Labor induction rates have increased substantially worldwide, and successful cervical ripening remains a key determinant of induction outcomes. Mechanical cervical ripening with a Foley balloon catheter is widely used and considered safe, while nipple stimulation promotes endogenous oxytocin release and represents a physiologic method for stimulating uterine contractions. However, the combined effect of nipple stimulation and balloon catheter use has not been systematically evaluated.

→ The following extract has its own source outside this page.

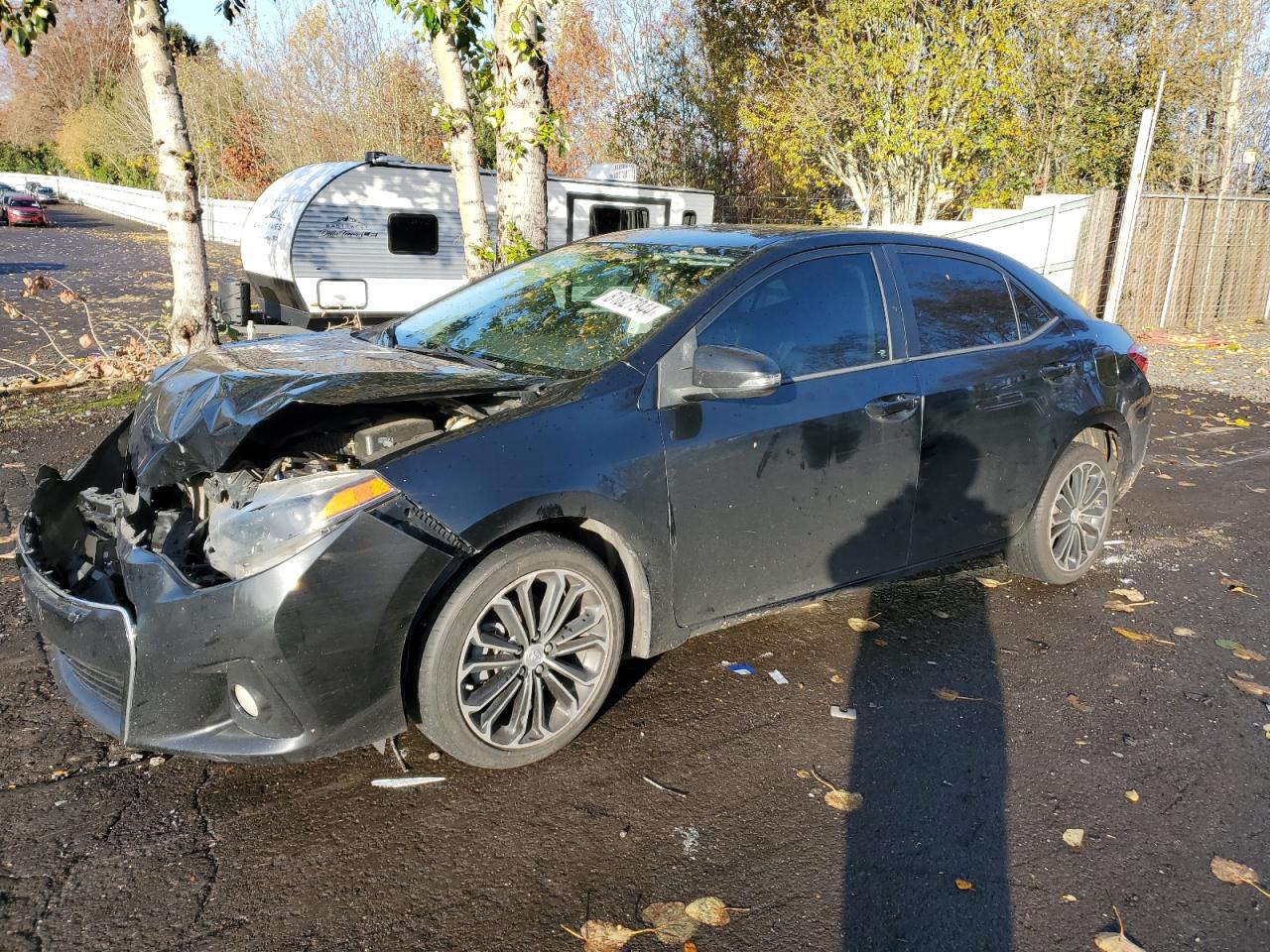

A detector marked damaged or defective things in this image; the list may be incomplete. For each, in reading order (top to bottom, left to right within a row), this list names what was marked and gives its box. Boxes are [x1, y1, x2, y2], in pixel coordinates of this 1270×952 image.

crumpled hood [130, 332, 536, 487]
detached bumper cover [20, 492, 459, 767]
damaged front end [20, 332, 536, 767]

This prospective, randomized, double-blinded controlled trial will assess whether the addition of nipple stimulation to Foley balloon catheter cervical ripening improves Bishop score and shortens the induction-to-delivery interval compared with balloon catheter alone. Term pregnant patients (37-42 weeks' gestation) with a singleton, cephalic pregnancy and an unfavorable cervix (Bishop score \<6) requiring labor induction will be randomized to receive either Foley balloon catheter plus standardized nipple stimulation or Foley balloon catheter alone.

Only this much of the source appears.